We're ultimately after justice, not fairness. And by stopping with fairness, we are shortchanging the people most at risk. If justice is the real issue, what are we missing? In a conversation, Anna Lauren Hoffmann pointed out that often the biggest difference between having privilege and being underprivileged isn't formal; it’s practical. That is, people can formally have the same rights or opportunities but differ in their practical capacity to seek redress for harms or violations of those things. Having privilege, for example, means having the resources to appeal wrongs if one is short-changed by an unfair system. They may have the time or economic bandwidth to hire a lawyer, spend hours on the phone, contact elected officials, do what it takes. If you are underprivileged, these things can be effectively out of reach. We need to make systems that are more fair (whatever that might mean); but, recognizing that our systems aren't fair, and can't be, we need to provide mechanisms to repair the damage they do. And we need to make sure those systems are easily accessible, regardless of privilege.

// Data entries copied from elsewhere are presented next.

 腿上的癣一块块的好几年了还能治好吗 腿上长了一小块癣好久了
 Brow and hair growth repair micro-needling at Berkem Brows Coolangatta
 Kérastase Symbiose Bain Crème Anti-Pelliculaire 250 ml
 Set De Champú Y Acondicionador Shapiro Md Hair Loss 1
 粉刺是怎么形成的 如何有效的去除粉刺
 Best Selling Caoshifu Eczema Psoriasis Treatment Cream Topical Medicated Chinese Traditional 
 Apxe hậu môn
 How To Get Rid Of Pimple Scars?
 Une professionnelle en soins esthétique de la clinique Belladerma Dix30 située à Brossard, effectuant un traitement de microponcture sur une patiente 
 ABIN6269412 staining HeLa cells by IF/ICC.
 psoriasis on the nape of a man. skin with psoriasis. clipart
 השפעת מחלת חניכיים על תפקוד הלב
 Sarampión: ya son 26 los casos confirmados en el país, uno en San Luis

The right to appeal builds fairness into the system, rather than having fairness as an external criterion. It's similar to letting one child cut the cake, and the other choose. It's only similar because the appeal process can itself be unfair, but it's a huge step forward. When an appeal is possible, and available to all, you don't need a perfect algorithm.
So, can we get to some conclusions? Being fair is hard, algorithmic or otherwise. Even deciding what we mean by "fair" is difficult. Do not take that to mean that we should give up. But do take that to mean that we shouldn't expect easy, simple solutions. We desperately need to have a discussion about "fairness" and what that means. That discussion needs to be broad and inclusive. And we may need to conclude that "fairness" is contextual, and isn't the same in all situations.
As with everything else, machine learning can help us to be fair. But we're better off using machine learning to understand what's unfair about our data, rather than trusting our systems to make data-driven decisions about what "fair" should be. While our systems can be assistants or even collaborators, we do not want to hand off responsibility to them. When we treat machine learning systems as oracles, rather than as assistants, we are headed in the wrong direction. We can't trick ourselves into thinking that a decision is fair because it is algorithmic. We can't afford to "mathwash" important decisions.
Finally, however we make decisions, we need to provide appeal mechanisms that are equally available to all—not just to those who can afford a lawyer, or who can spend hours listening to music on hold. The ability to appeal may be the most important part of a fair system, and it's one that isn't often discussed in data circles. The ability to appeal means that we don't have to design systems that get it right all the time—and that's important because our systems most certainly won't get it right all the time. Fairness ultimately has less to do with the quality of our decisions than the ability to get a bad decision corrected.